Landscape-level connectivity analysis: habitat networks and the amount of reachable habitat
In order to compare the overall landscape-level connectivity as assessed by the different connectivity models for different species traits, rather than focusing on the dispersal probabilities between predefined pairs of patches (as above), we analysed the expected amount of reachable habitat (hereafter ARH) in two real-world habitat networks. These networks were the subject of recent connectivity studies and correspond to different spatial configurations and ways of measuring the distance between habitat patches, as described in the following section.
Analysed habitat networks
We considered a network of 203 forest patches (nodes) in the region of Androy in southern Madagascar (Bodin et al. 2006; Bodin & Saura 2010) (Fig. 2004a) and a transnational network of 176 protected forest areas (hereafter patches) in SW Europe ranging from the Cantabrian Range to the Western Alps (Gurrutxaga, Rubio & Saura 2011) (Fig. S1, Supporting information). In both networks, we used forest habitat area in the patch as the node weight ai, assumed Ni in each patch to be proportional to ai and calculated the distance between patch edges to derive the pij values in each connectivity model. The distance between patches was calculated in the Madagascar network as a Euclidean distance and in the transnational network as an effective distance corresponding to the accumulated cost in the least cost path through a friction surface parameterized to represent the resistance of the landscape matrix to the movement of forest mammal species (Fig. S1, Supporting information).

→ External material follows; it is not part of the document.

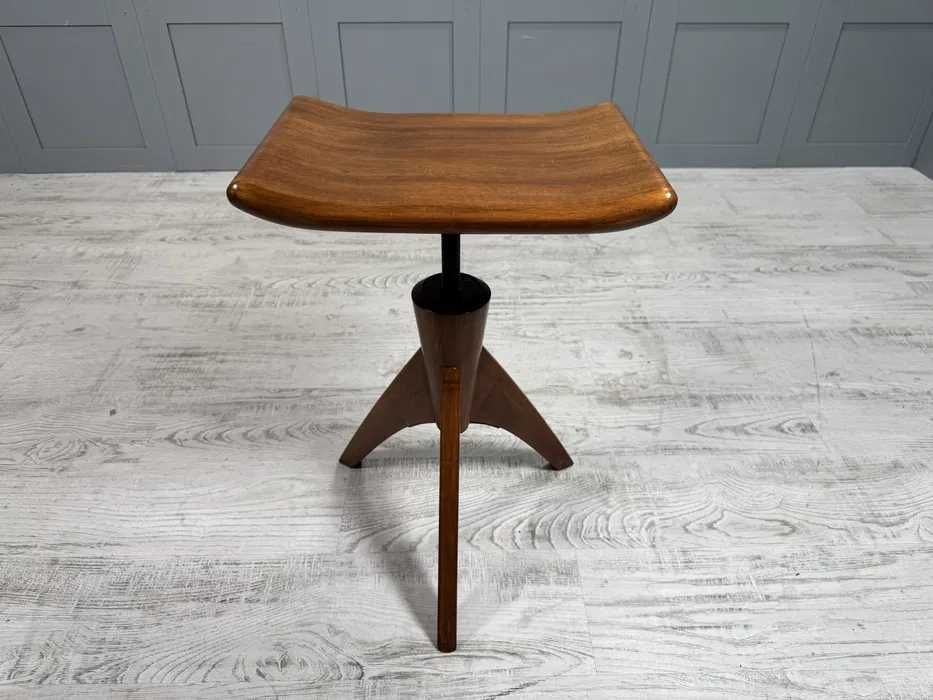 Стол за пиано Girsberger от 1956г. Р458-Д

Amount of reachable habitat (ARH)
In all of the connectivity models, we calculated ARH as the expected percentage of the total habitat area in the network that could be reached by a source population located randomly in a single patch within the habitat distribution (Appendix S4, Supporting information). ARH was given by an adapted version of the probability of connectivity metric (Saura & Pascual-Hortal 2007) scaled as the related equivalent connectivity metric (Saura et al. 2011), as further described in Appendix S4 (Supporting information). ARH ranges from 0 (pij = 0 for every pair of patches when i ≠ j) to 100% (pij = 1 for every pair of patches; that is, all habitat patches in the network are fully accessible for the species) and accounts for the amount of habitat resources (ai) in each of the patches that the species could reach through dispersal. We also calculated the percentage of the total habitat resources in the landscape that could be reached exclusively due to the role of stepping stones (ARHss), rather than to the amount of habitat available within the source patches (intrapatch connectivity) or to that reachable via the direct connections to other patches (without accounting for stepping stones), as further described in Appendix S5 (Supporting information). ARHss quantifies the impact that the loss of stepping-stone patches would have for connectivity, calculated as the difference in ARH between Gstep and Gdirect for the generalized models and between Sstep and Sdirect for the standard models (Appendix S5, Supporting information).
Results
Long-distance dispersal and habitat network connectivity
Long-distance dispersal events that were rare in the standard models (pij < 0·01) were predicted to be very likely (pij ≈ 1) in the generalized models, particularly in Gstep (Fig. 4a). Increasing Ni (i.e. larger population size) or decreasing kj (i.e. assuming that a relatively small proportion of the species population in the source patch has to reach another patch in order to establish a new foothold for further range expansion) translated into higher pij and ARH in Gdirect and particularly in Gstep (Figs 4a,b, 5b,c and S2, Supporting information). When kj was high compared to Ni, pij could be even lower in the generalized than in the standard models (Fig. 4b). Kernels with fatter tails (lower β) had a very modest effect on the results of the standard models, but largely increased connectivity in the generalized models; even using fat-tailed kernels, Gstep provided much higher chances of dispersal than Gdirect (Figs 4c, 5c and S2b, Supporting information). Interestingly, we found critical spatial thresholds in the generalized models, that is, sharp decreases in pij as a function of the distance between the source and destination patches, particularly for higher k (Fig. 4).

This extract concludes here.